• **Data for this exercise**
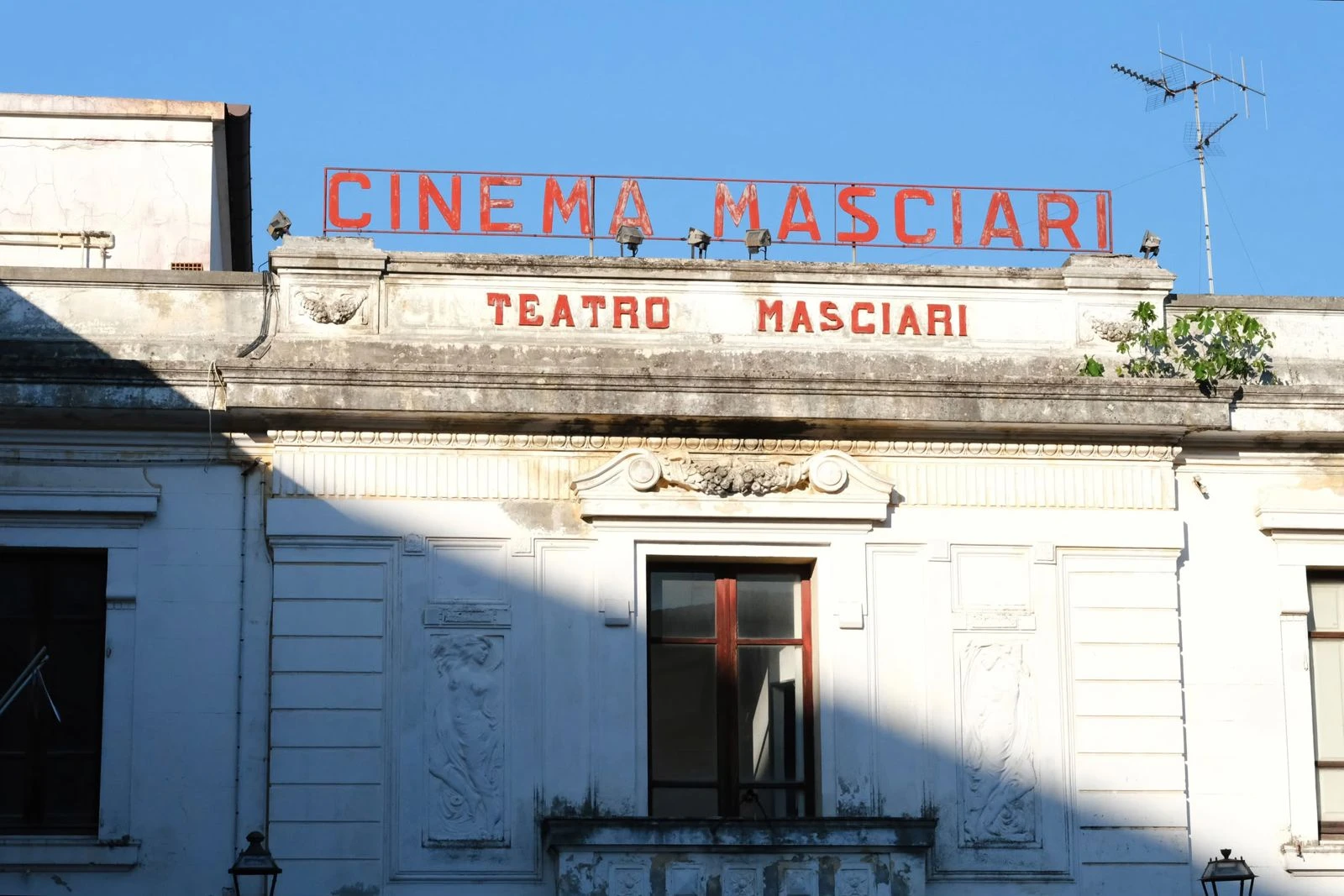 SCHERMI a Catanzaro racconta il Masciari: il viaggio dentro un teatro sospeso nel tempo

---

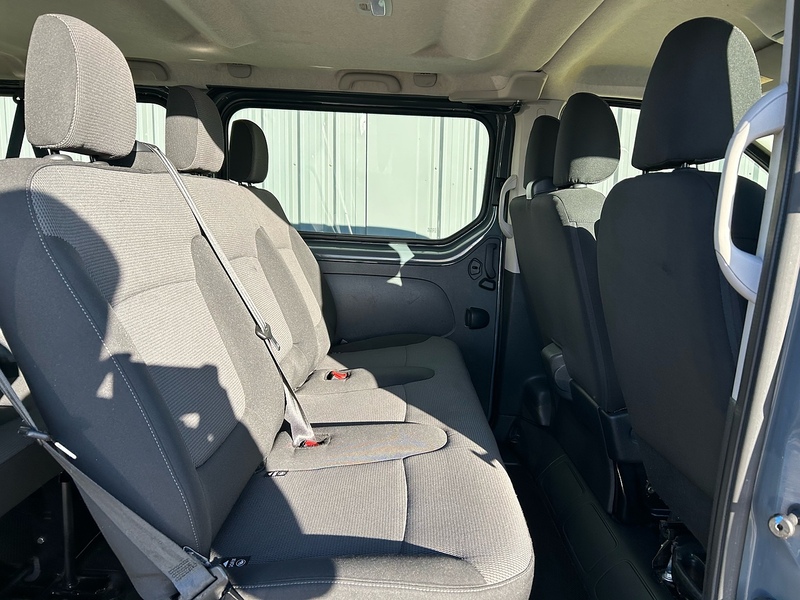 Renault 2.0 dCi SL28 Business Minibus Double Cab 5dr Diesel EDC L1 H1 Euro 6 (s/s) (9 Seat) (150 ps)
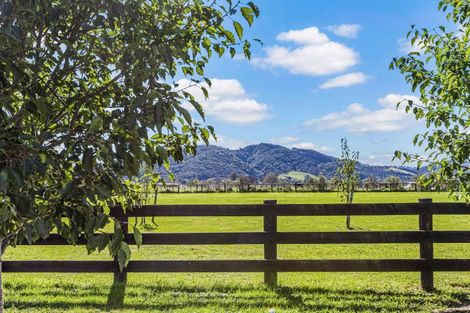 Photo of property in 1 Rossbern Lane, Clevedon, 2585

• **Problem statement**
Produce an exact reproduction of the listing above, limited to the lines starting at the line with "Renault 2.0 dCi" and ending at the line with "Photo of property", both kept, with every picture left out.

• **Result**
 Renault 2.0 dCi SL28 Business Minibus Double Cab 5dr Diesel EDC L1 H1 Euro 6 (s/s) (9 Seat) (150 ps)
 Photo of property in 1 Rossbern Lane, Clevedon, 2585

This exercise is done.